* **GIVEN RECORDS**
BEGIN
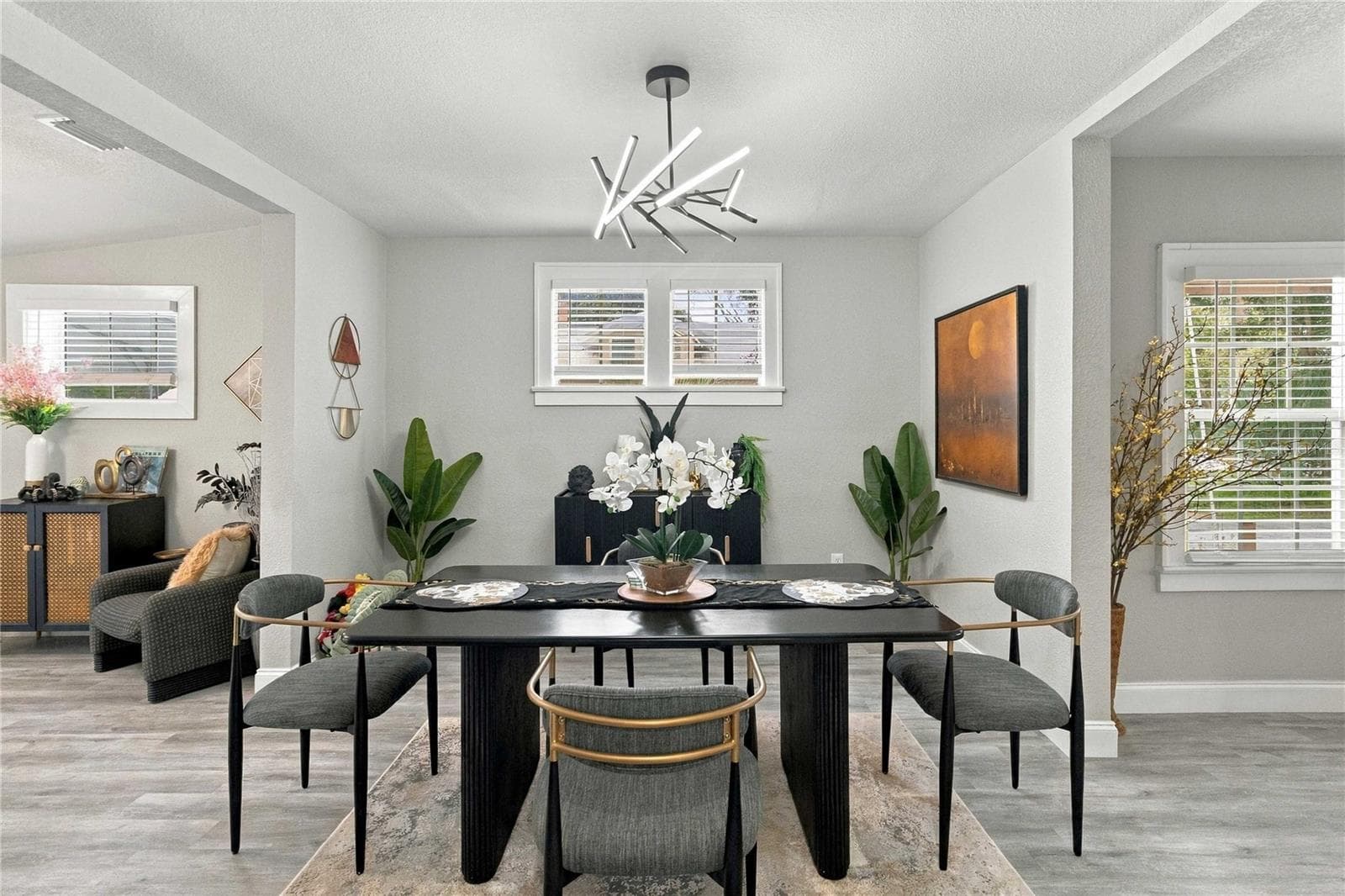 Dining room is open to living room and seating area off the kitchen. - 430 FLORIDA AVE, ST CLOUD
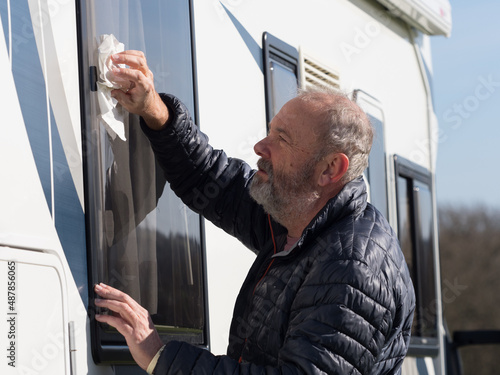 Fotografiet A bearded male motorhome owner cleans his recreational vehicle window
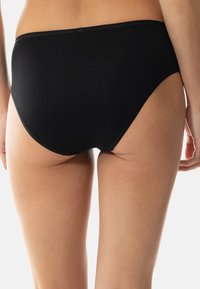 Eine Person trägt schlichte schwarze hochgeschnittene Unterwäsche, gezeigt von der unteren Rückseite bis zur Mitte des Oberschenkels vor einem schlichten weißen Hintergrund.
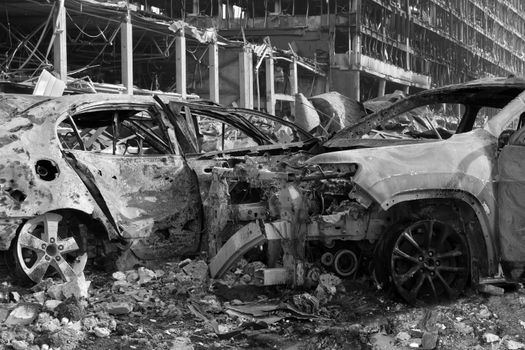 2022 Russian invasion of Ukraine war torn city destroyed car burn out. Aftermath shell of civilian bombed city damage car. Bomb attack Russia war damage Ukraine city war destruction Russian aggression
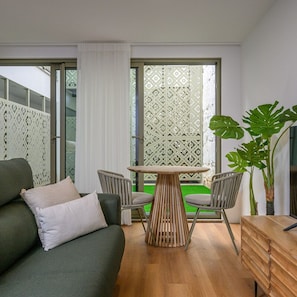 Un soggiorno moderno con un divano verde, due poltrone, un tavolo in legno e una pianta grande.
END
Exactly as written, repeat the lines from the beginning of the entries up to and including the line with "Fotografiet A bearded", but not the pictures.

 Dining room is open to living room and seating area off the kitchen. - 430 FLORIDA AVE, ST CLOUD
 Fotografiet A bearded male motorhome owner cleans his recreational vehicle window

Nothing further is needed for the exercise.